АЛЕКСАНДР ДУЛОВ, пение в собственном сопровождении на гитаре
САША ДУЛОВ, гитара (3 — 17)
Звукорежиссеры: Г. Любимов, М. Крыжановский
Художник В. Панкевич
Редактор В. Заветный
Фото А. Кривомазова
Ленинградская студия грамзаписи и кооператив "Профессиональная звукозапись". Запись 1989 г.

Наверное, сейчас не лучшее время для лирики — наша жизнь так драматична, неуютна; наши кумиры — трибуны, обличители, сатирики, только им мы верим, только их хотим слушать. Нам нужны не лирики, а граждане...
Но что есть Гражданин без любви?

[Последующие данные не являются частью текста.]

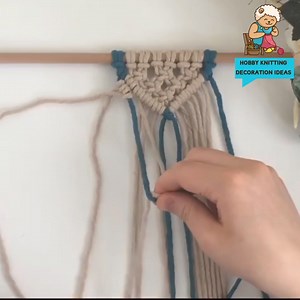 Diy macrame tutorial, Cross / Diamond pattern using double half hitch knot and square knot! 🫶❤️ 2 pieces of 2 meters blue macrame rope 6 pieces of 2 meters cream macrame rope | Hobby Knitting Decoration Ideas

Самые безошибочные рецепты нашего будущего счастья и благополучия, которых так жаждем, опять не помогут, если мы окончательно разучимся любить друг друга, детей, стариков, свое прошлое, свои родные места, если уйдет из повседневности способность к лирическому взгляду на нее же, неустроенную и все более пугающую.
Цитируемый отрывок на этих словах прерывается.